Records supplied Start Marker

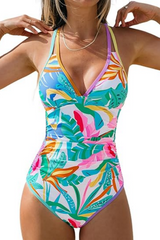 Women's One Piece Swimsuit V Neck Crisscross Back Cut Out Self Tie Color Block Ruched Bathing Suit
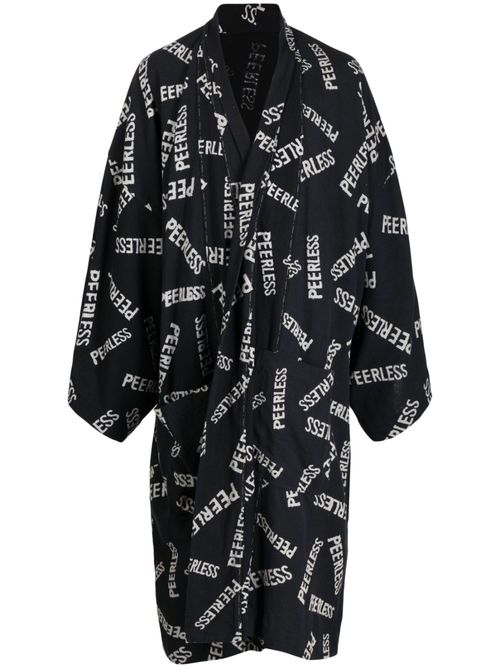 Slogan-print wide-sleeve jacket - Grey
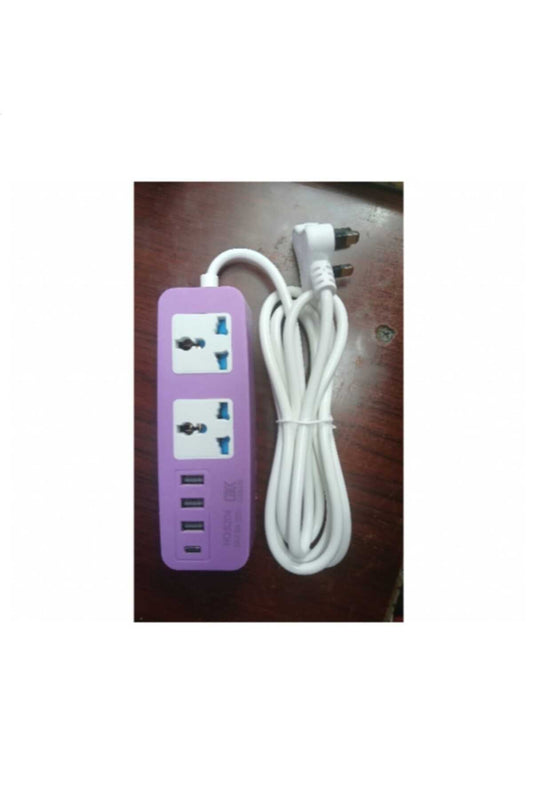Dual-Socket Universal Power Hub – Portable Charging Station with 4 High-Speed USB Ports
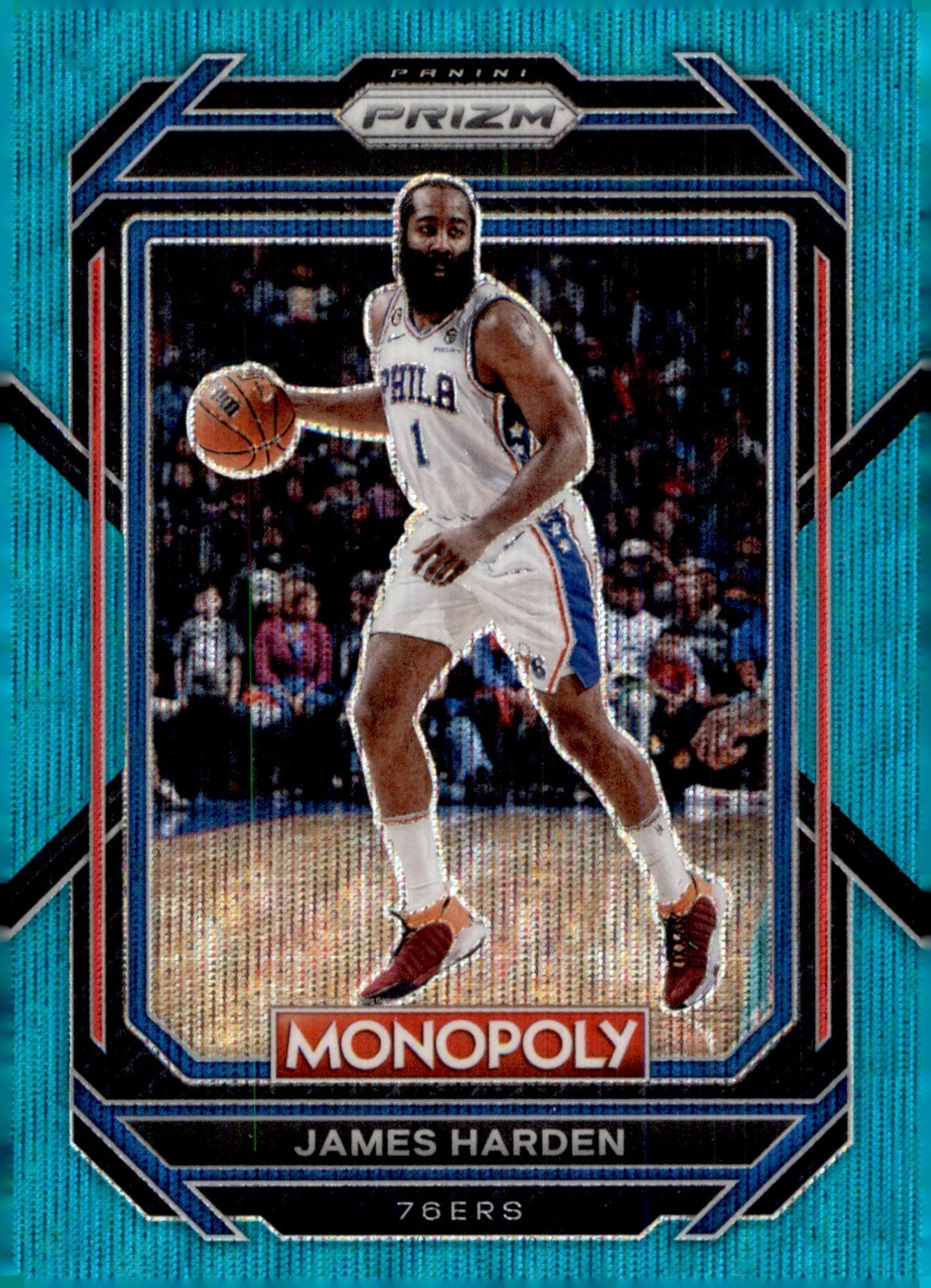 2022-23 Panini Prizm Monopoly - James Harden #68 Teal Wave Prizm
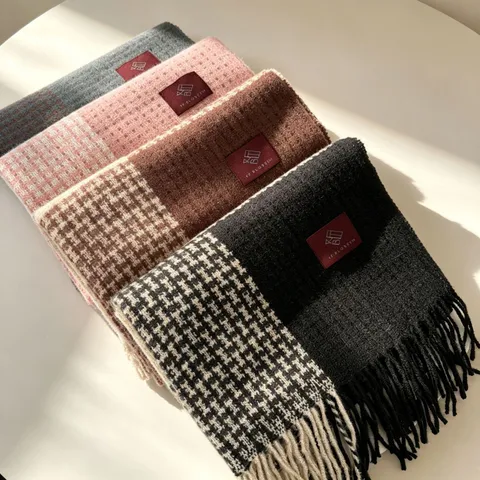 Classica Sciarpa a Quadri con Nappe Per Donna Sciarpa Invernale in Imitazione Cashmere Calda e Ispessita Scialle Lungo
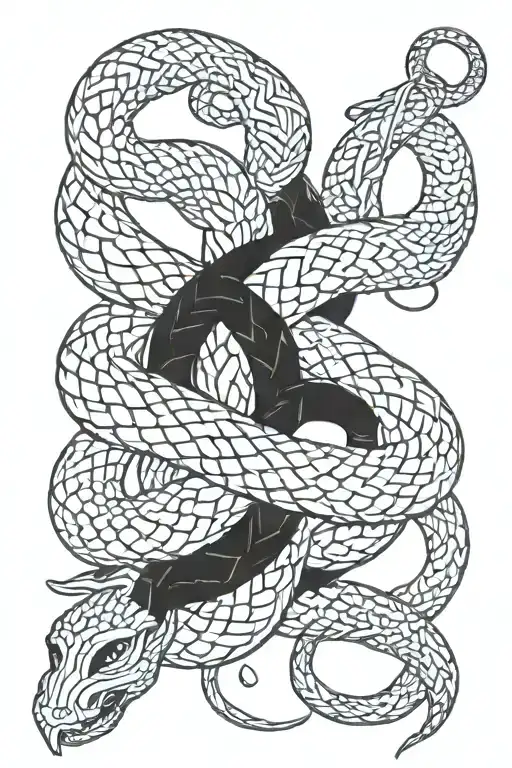 Viking snake intertwined tattoo design idea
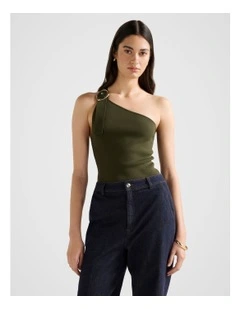 Monroe Asymmetrical Knitted Top in Green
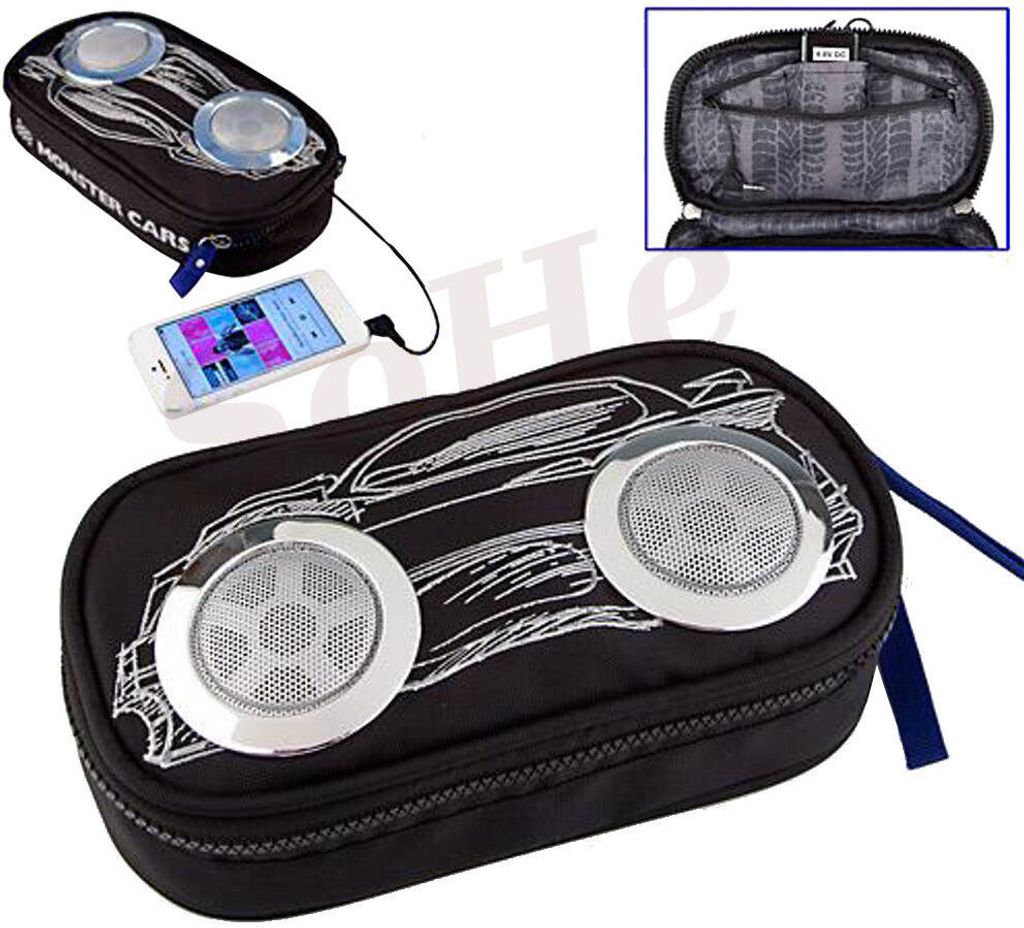 Depesche Monster Cars Sound Schlamper Federtasche mit Lautsprecher für MP3 Musik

Records supplied End Marker

• _Problem_
Transcribe every line in the entries above, taking out only the images.

• _Your solution_
 Women's One Piece Swimsuit V Neck Crisscross Back Cut Out Self Tie Color Block Ruched Bathing Suit
 Slogan-print wide-sleeve jacket - Grey
Dual-Socket Universal Power Hub – Portable Charging Station with 4 High-Speed USB Ports
 2022-23 Panini Prizm Monopoly - James Harden #68 Teal Wave Prizm
 Classica Sciarpa a Quadri con Nappe Per Donna Sciarpa Invernale in Imitazione Cashmere Calda e Ispessita Scialle Lungo
 Viking snake intertwined tattoo design idea
 Monroe Asymmetrical Knitted Top in Green
 Depesche Monster Cars Sound Schlamper Federtasche mit Lautsprecher für MP3 Musik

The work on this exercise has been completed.